### YOUR OBJECTIVE
Set down only the lines from the one containing "The Dino bolts, you" through the final line of the entries below, exactly as they stand, with no pictures.

Stored data
== Segment start ==

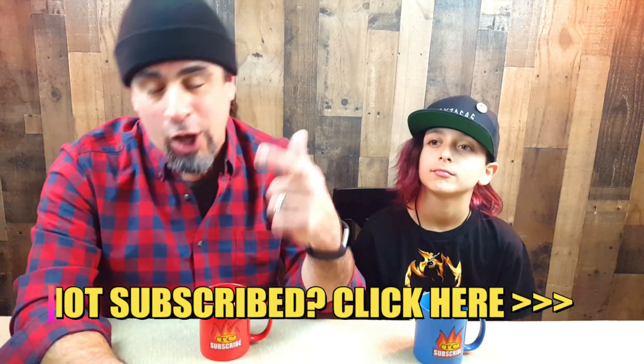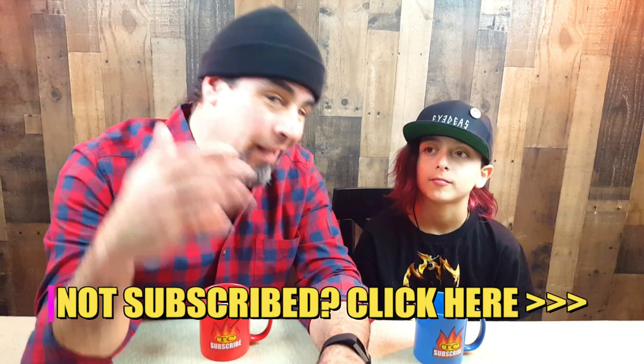Hey everybody, welcome to Extreme Food Reviews. My name is Daniel and I'm Jonas. We have to say thank you to all our new subscribers and to everybody who's been watching, commenting, and liking our videos. We've been at it lately — cooking recipes, doing challenges — but one thing we haven't done in a long time is a good old-fashioned food review.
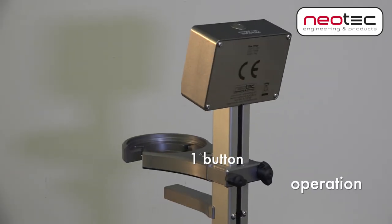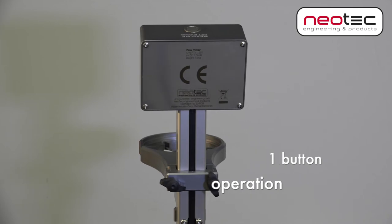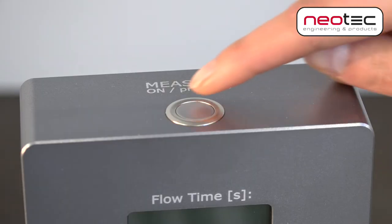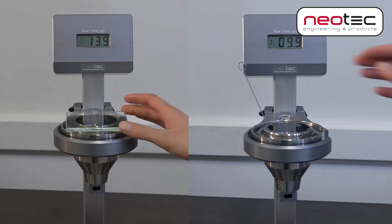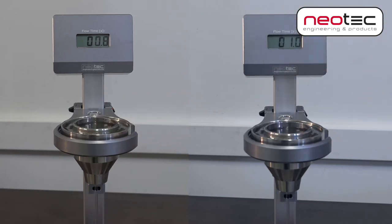The device has only one control button. When all is in place, the operator presses this button once to put the device on. Then, depending on which method is used, take away the glass plate or the metal ball tool in order to let the fluid flow.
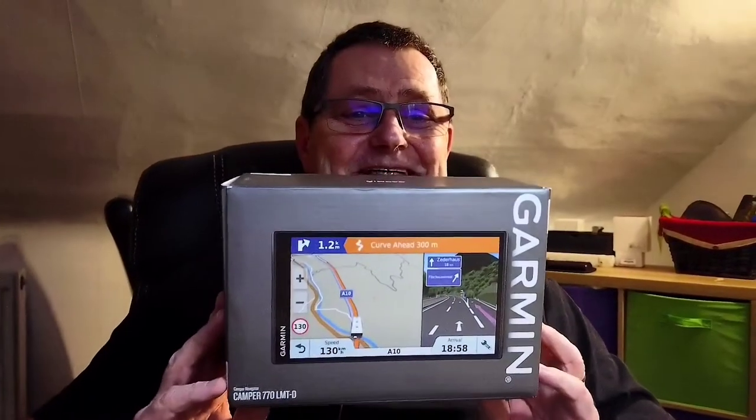Hello everyone, it's been a while. Today I thought about updating my satnav. This is the Garmin Camper 770 LMTD. I'm not sure if they even make that now because it's about to be updated. I bought it three and a half years ago and paid £334.38 — and I've still got the receipt, look at that.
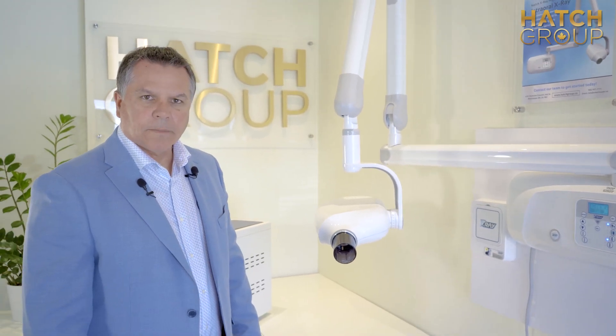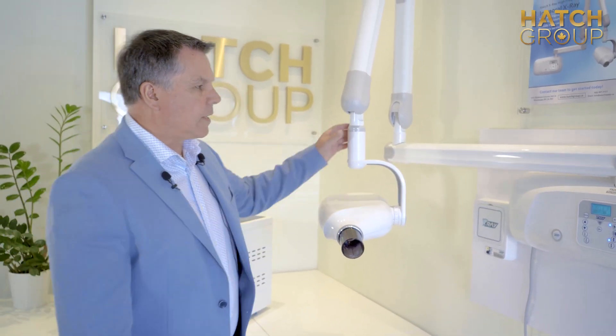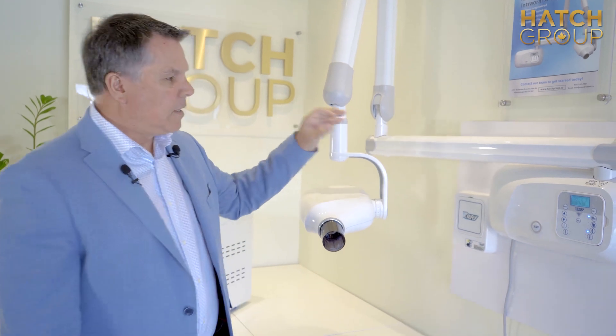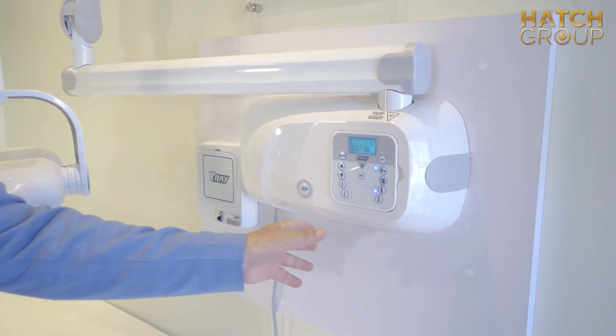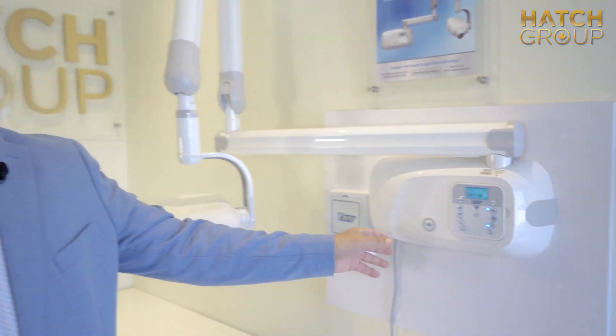I'd like to introduce you to the Hatch X-ray. One of the nice exciting features about the X-ray is it can be mounted horizontally or vertically with the same unit. You do not have to change units.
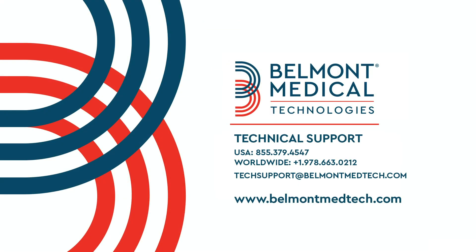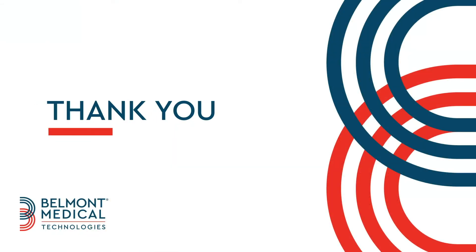For additional information, refer to the user manual or contact technical support. Thank you for using Olan.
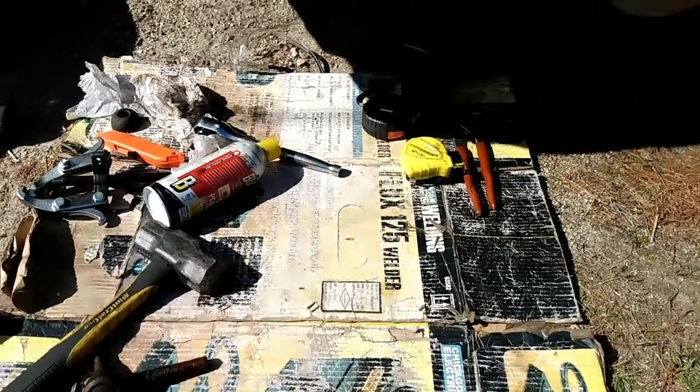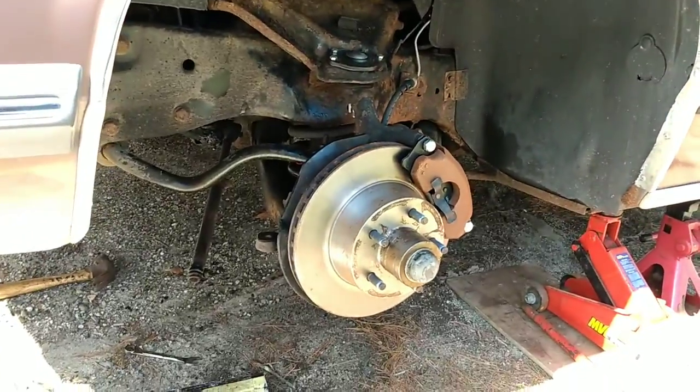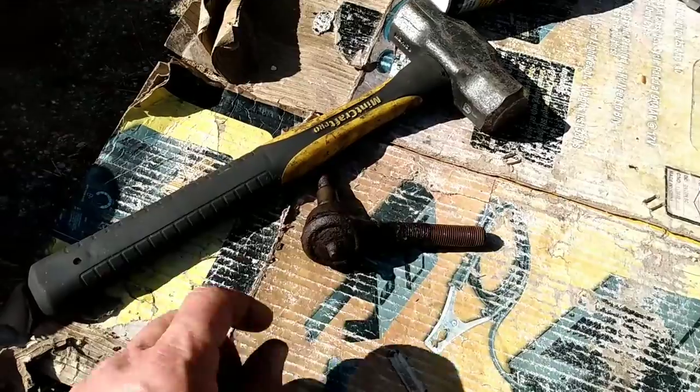Alright, tie rod end replacement time on the '89 Mercury Grand Marquis. We've already done all the brakes and everything. We're also going to do sway bar end links, and we had to do the tie rod ends because...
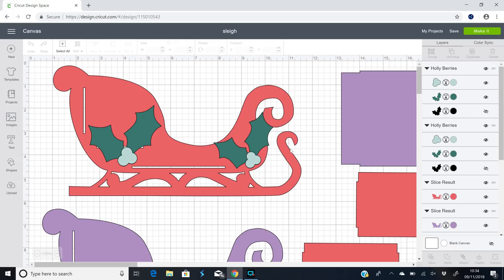Hi my lovelies, I hope you're all well. Cricut have once again announced their Craft Along theme for this week and the theme is home decor, so I thought I'd create a kind of little scene for my elves.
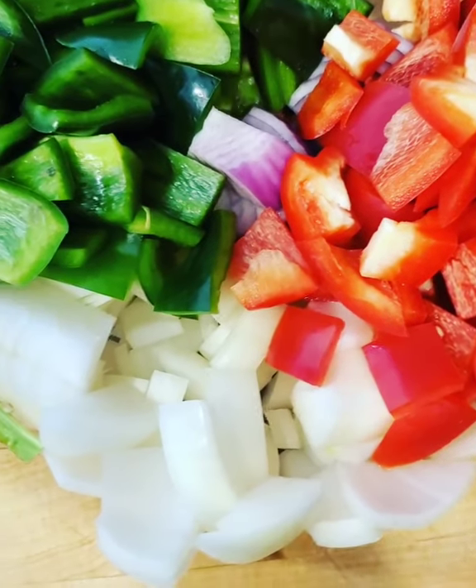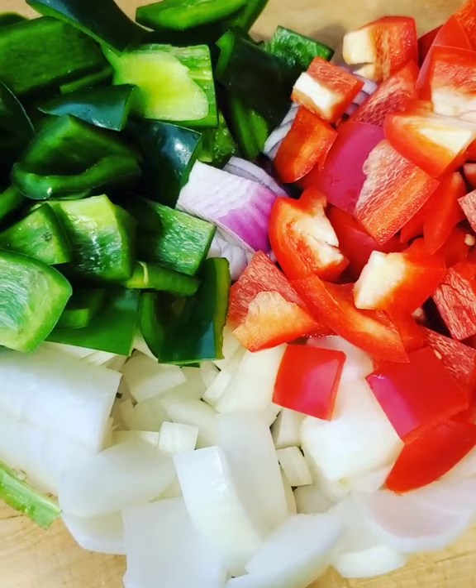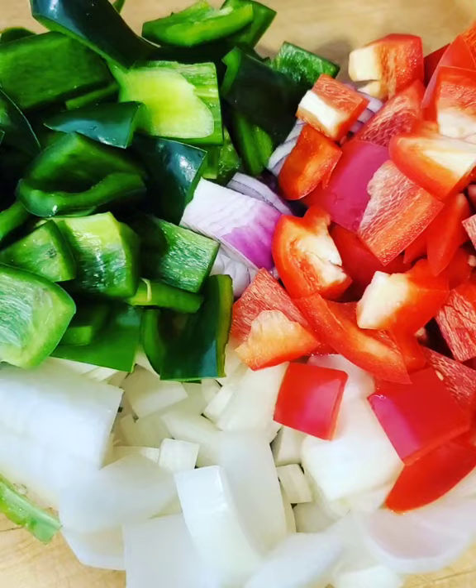Pro tip for today: when you're braising anything, take a look at how long it's going to braise for. That will give you a good indication as to what size you want to cut your mirepoix in. If you're braising for four hours, you want to cut your mirepoix in a large dice so it doesn't get lost in the sauce and evaporate.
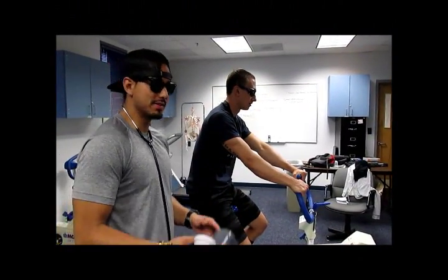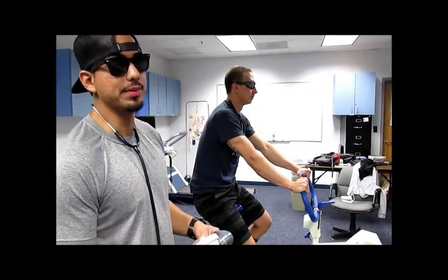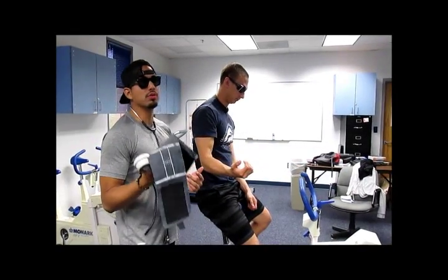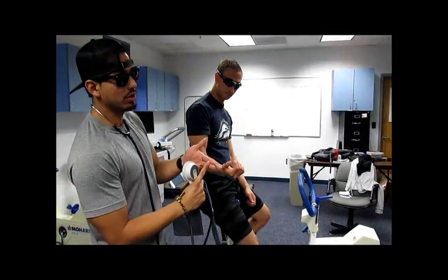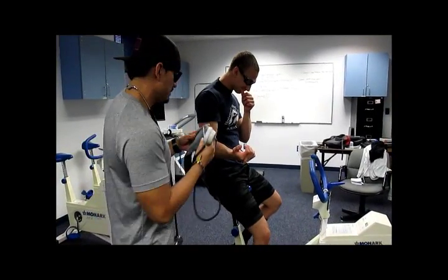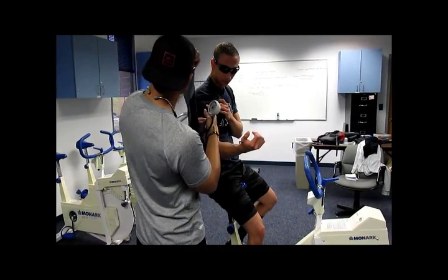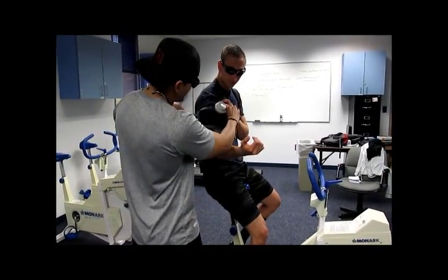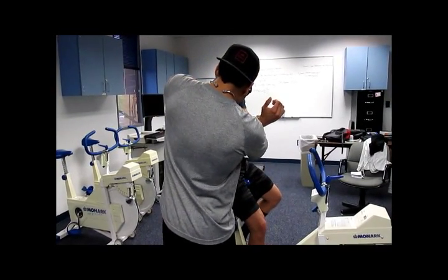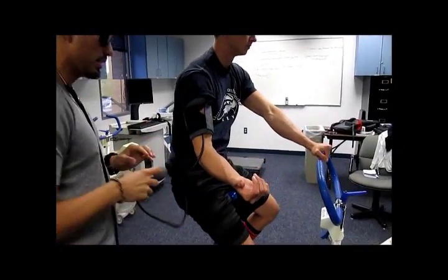Before beginning the test, it's very important to get the participant's resting blood pressure and resting heart rate. The cuff size we're going to use to measure his blood pressure is the regular adult. There's the child size, the regular adult, the large adult, and then the thigh blood pressure cuff. We're going to take the cuff, find the artery where it says artery, and match it up with his brachial artery, then take it around.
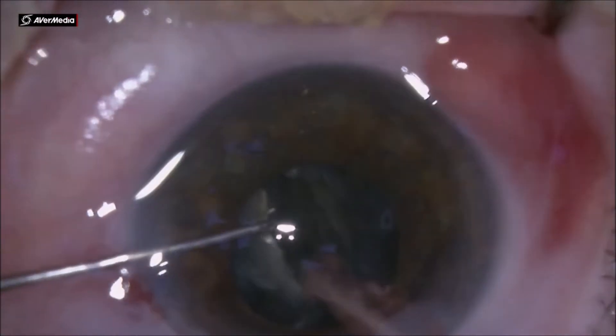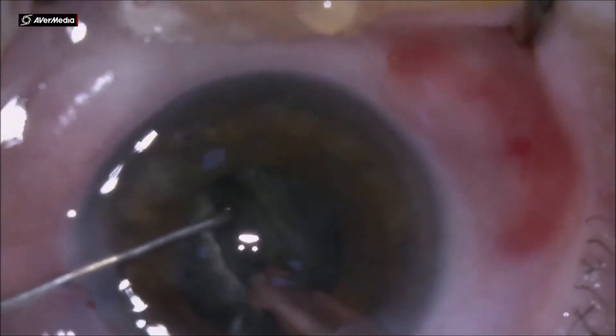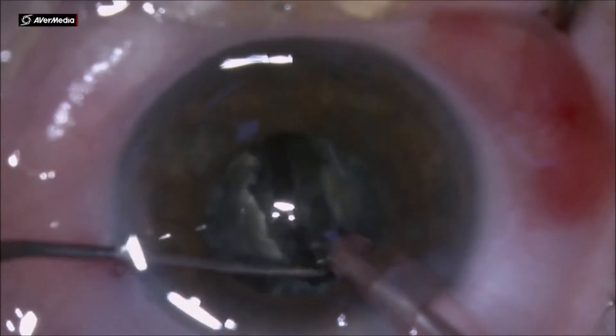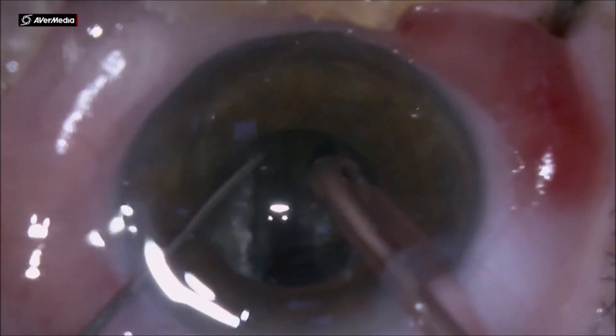Using the chopper — notice that I rotate the chopper in order to have as much contact with the nucleus as possible — I am able to split the two heminuclei down to the posterior plate. A nice crack in the posterior plate will make the surgery easier.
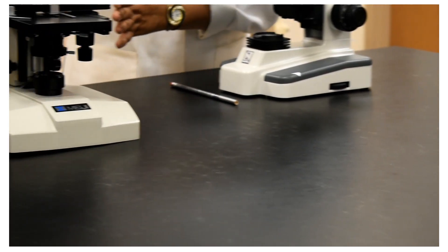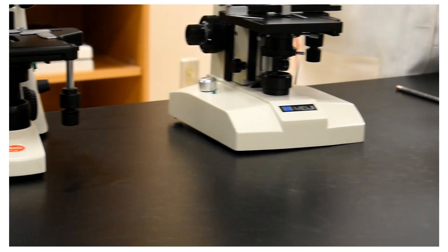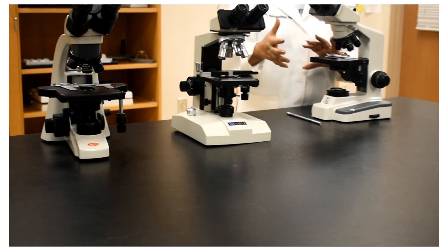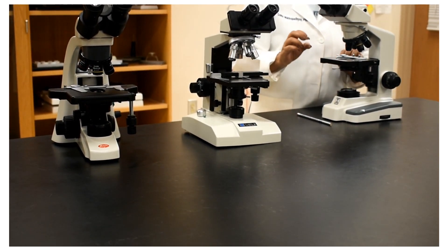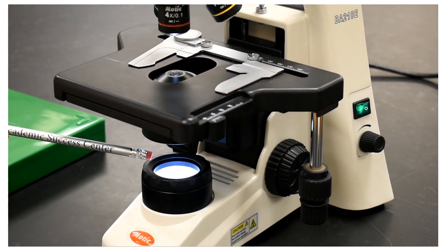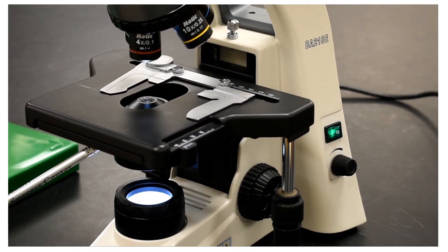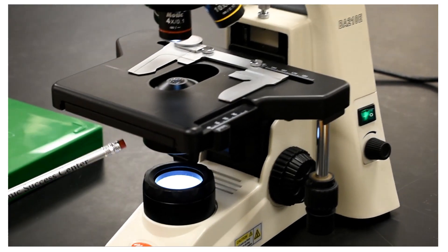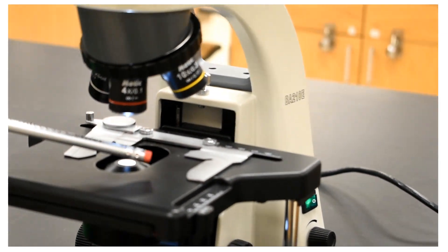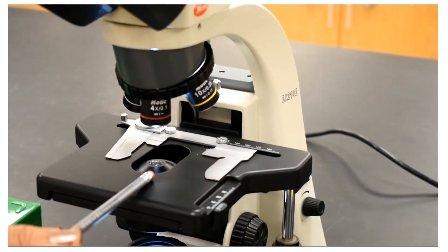Those are some differences you will encounter when you first start with the microscope. Now I will use one microscope to go through the rest of the structures, their names, and their functions. The light is on. Starting from the base and the light source, following upwards, this part is called the condenser, through which the light comes up through the stage. This black square is called the stage of the microscope — we put the slide on the stage.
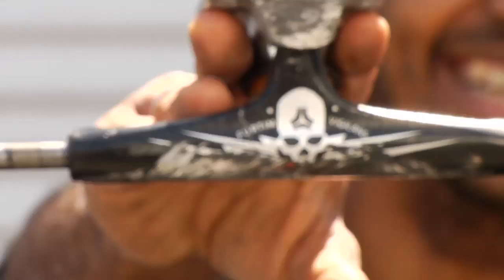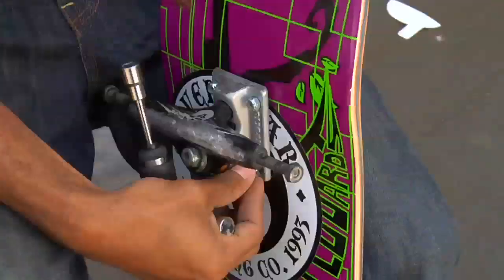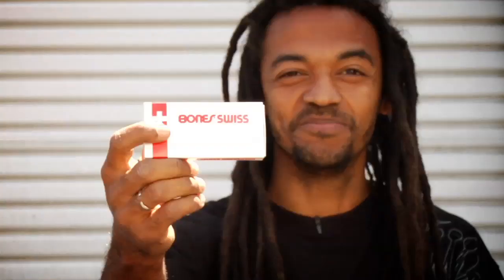The Dino bolts, you know. I ride Destructive trucks — the best ones for me so far. I ride Bones Swiss bearings — the best bearings ever.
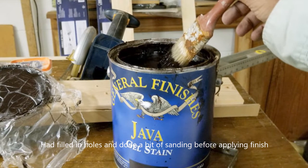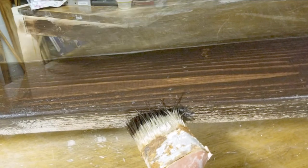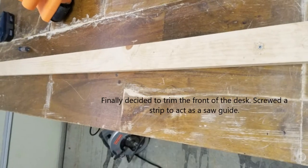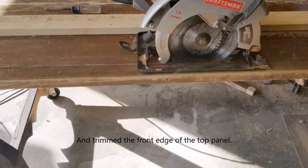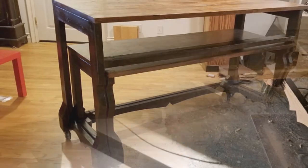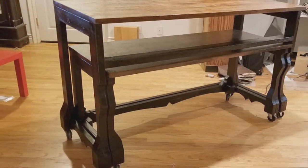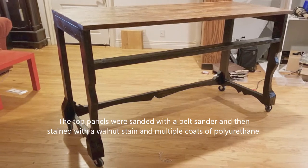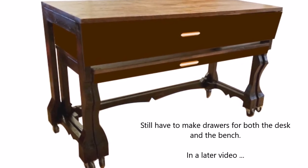I had a box of Java gel stain left over from my front door, so I tried it on the cross beam and it was looking pretty good. Before continuing I went ahead and trimmed the front of the desk using a wooden guide strip screwed on as a fence with a Craftsman saw — and here it is cut and trimmed. After a lot of sanding, filling holes, re-sanding, and applying finish plus a coat of polyurethane on the sides and cross beam, the top panels were finished with a walnut stain and multiple coats of polyurethane. I still have to make drawers, which I'll cover in a future video.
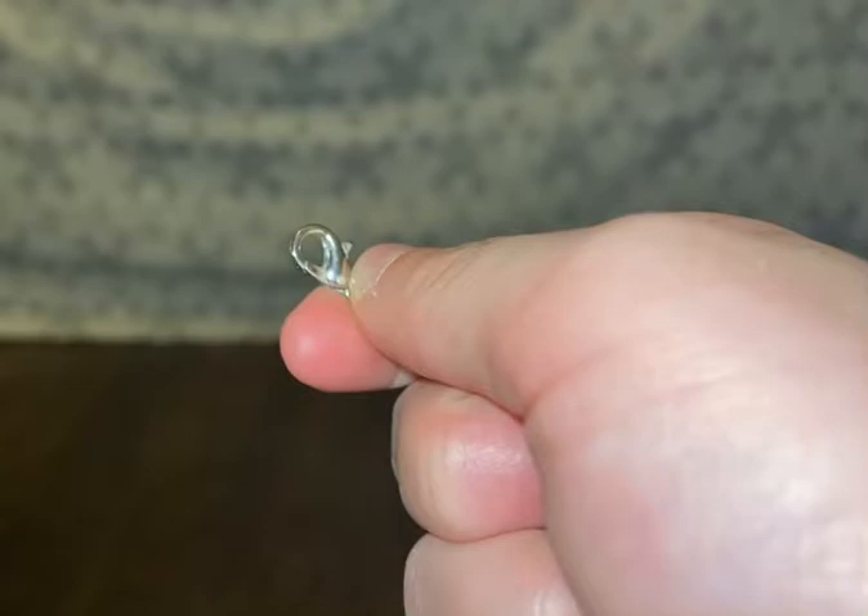Today we will be making a DIY rope halter with a lead rope. The materials you'll need are some string and scissors, and you will need one of those necklace little clips — thin clip things — and you will also need the ring piece that comes with a necklace.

== Segment end ==

### REPLY
The Dino bolts, you know. I ride Destructive trucks — the best ones for me so far. I ride Bones Swiss bearings — the best bearings ever.
I had a box of Java gel stain left over from my front door, so I tried it on the cross beam and it was looking pretty good. Before continuing I went ahead and trimmed the front of the desk using a wooden guide strip screwed on as a fence with a Craftsman saw — and here it is cut and trimmed. After a lot of sanding, filling holes, re-sanding, and applying finish plus a coat of polyurethane on the sides and cross beam, the top panels were finished with a walnut stain and multiple coats of polyurethane. I still have to make drawers, which I'll cover in a future video.
Today we will be making a DIY rope halter with a lead rope. The materials you'll need are some string and scissors, and you will need one of those necklace little clips — thin clip things — and you will also need the ring piece that comes with a necklace.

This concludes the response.